- **Exercise aim**
Exact copies of all the lines below are required, with the pictures omitted.

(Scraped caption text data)
....

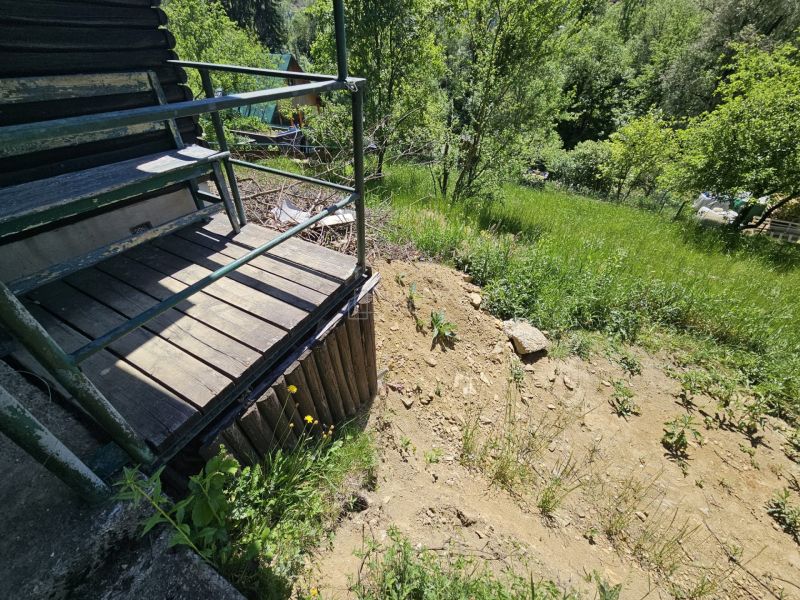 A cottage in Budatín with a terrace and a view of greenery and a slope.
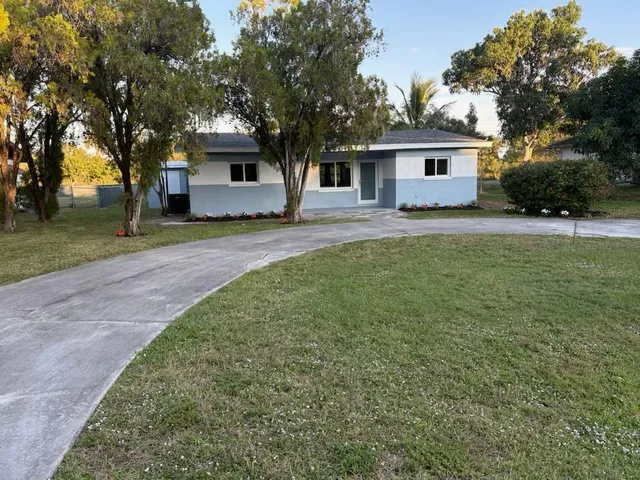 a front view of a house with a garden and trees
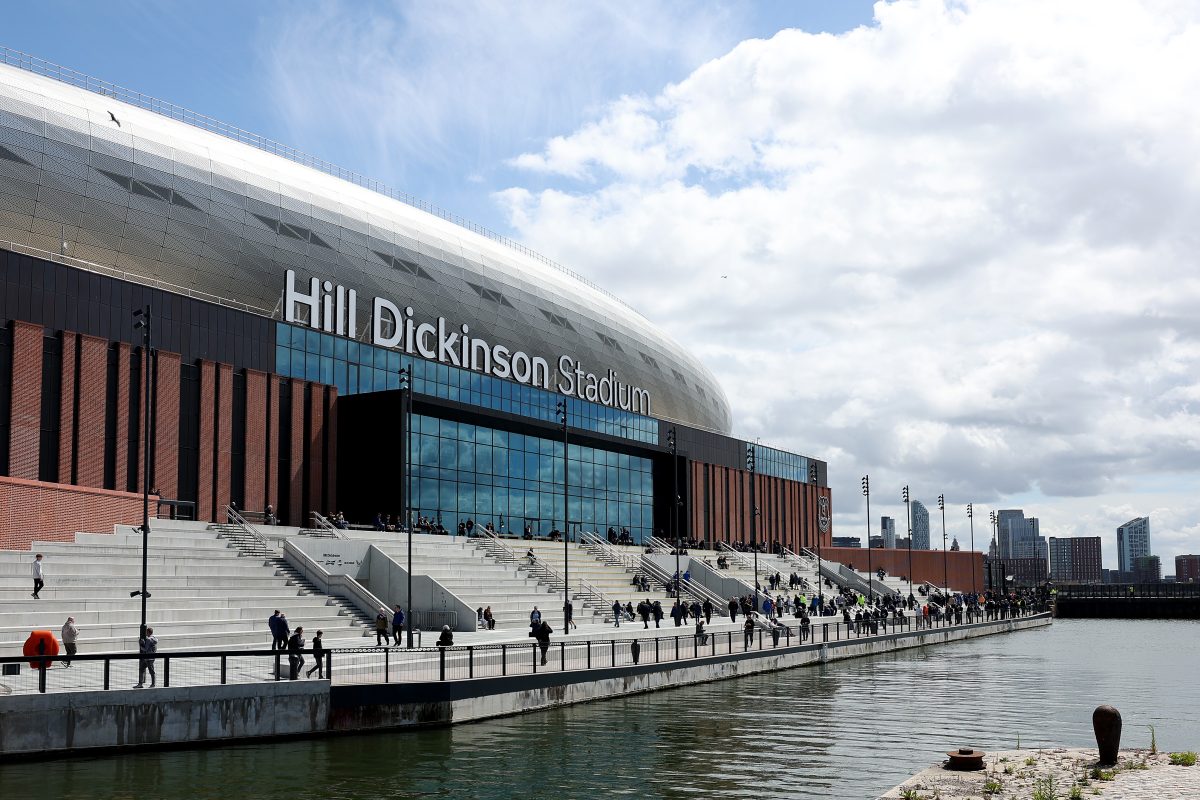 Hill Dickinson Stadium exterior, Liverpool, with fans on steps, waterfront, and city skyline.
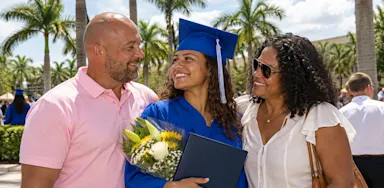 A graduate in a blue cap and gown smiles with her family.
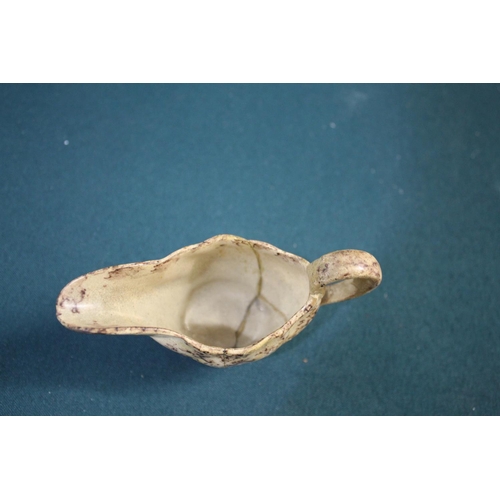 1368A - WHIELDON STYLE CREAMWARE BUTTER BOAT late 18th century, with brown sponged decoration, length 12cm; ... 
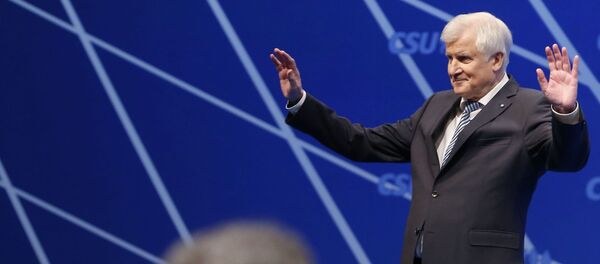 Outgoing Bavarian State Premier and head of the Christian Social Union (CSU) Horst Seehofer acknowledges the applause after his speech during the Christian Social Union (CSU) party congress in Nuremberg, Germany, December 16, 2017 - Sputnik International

....

- **The answer**
 A cottage in Budatín with a terrace and a view of greenery and a slope.
 a front view of a house with a garden and trees
 Hill Dickinson Stadium exterior, Liverpool, with fans on steps, waterfront, and city skyline.
 A graduate in a blue cap and gown smiles with her family.
 1368A - WHIELDON STYLE CREAMWARE BUTTER BOAT late 18th century, with brown sponged decoration, length 12cm; ... 
 Outgoing Bavarian State Premier and head of the Christian Social Union (CSU) Horst Seehofer acknowledges the applause after his speech during the Christian Social Union (CSU) party congress in Nuremberg, Germany, December 16, 2017 - Sputnik International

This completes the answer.